I imagine the feeling is the same as when Baby Boomers are told they had it easy with free education and cheap housing, as well as a generous tax system which has made life very comfortable for them, especially in retirement.

But for me and my ‘entitled’ peers, the recent announcements on tertiary education debt are very worrying. We simply can’t afford another hit to our incomes. Being told to ‘suck it up’ or ‘save harder’ ignores the core problem in favour of cheap critique.

The smashed avocado jokes were funny, and in many ways I agree with the underlying argument: good things require sacrifice.

But here’s the thing. I’m employed full-time and I’d love to be able to afford to go out weekly for a breakfast of smashed avocado on sourdough. But that’s a rare luxury.

This ‘millennial’ that manifests in the criticism from older Australians is a person I’ve never met. They’re indulgent, convenience-obsessed and apparently never struggle between pay cheques. Most of the people my age I know are scrimping and saving for life’s necessities like rent and food, and they’re now worrying about how they’ll find the many hundreds of dollars a year in additional student loans payments.

The government’s changes to HECS-HELP debt means I will be paying more than an extra month’s rent a year.

Yet those who call us ‘entitled Gen Y’ are under the mistaken impression that our degrees get us swift entry into our industries. I wish they could have been with me when I attended interview after interview alongside tens of other millennials in the same situation. I wish they could have stood alongside me in the Centrelink queue when the last of my savings had trickled down to what was nearly a two-digit figure.

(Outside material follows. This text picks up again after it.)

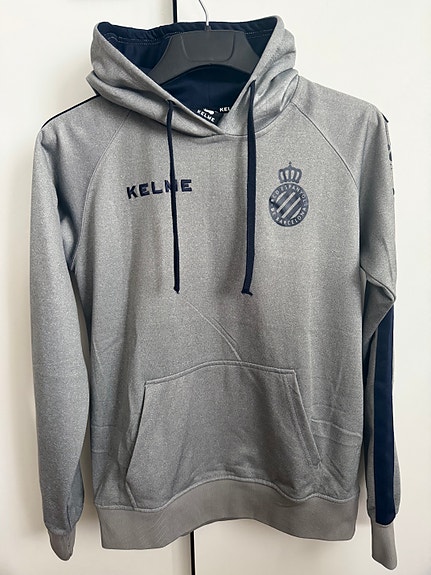 Kelme RCD Espanyol huppari S harmaa polyesteri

Thankfully, I now work full-time at The New Daily and I can afford to pay my rent and buy my own food and living supplies. I save wherever I can — only eating out occasionally, buying in bulk, taking public transport at all hours — but as a 24-year-old taking the first steps in my career, there are times when payday can’t come quickly enough.

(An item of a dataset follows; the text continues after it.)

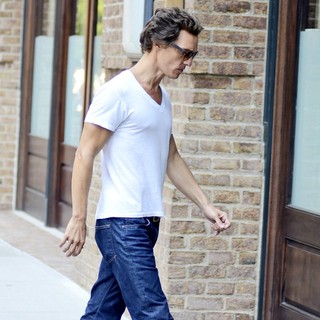 Matthew McConaughey in Matthew McConaughey Seen Returning to His Hotel in Manhattan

It simply isn’t the high-cost life of constant parties and weekly trendy restaurants that I so often hear attributed to me and my peers.

We all save where we can, but all it takes is a month of high bills or a broken computer or appliance and things can be very tight. Millennials don’t think we will never be able to afford property because we’re spending recklessly. We think we will never be able to afford it because we can barely pay our rent today.

I am grateful for everything I learnt at university, and I have no qualms about paying for the opportunities it has provided me. But the income threshold for payback is now going to be so low, and the rate so high, I honestly have no idea how I will be able to afford the cost of living. More than $700 a year is a lot of money when you’re this entitled.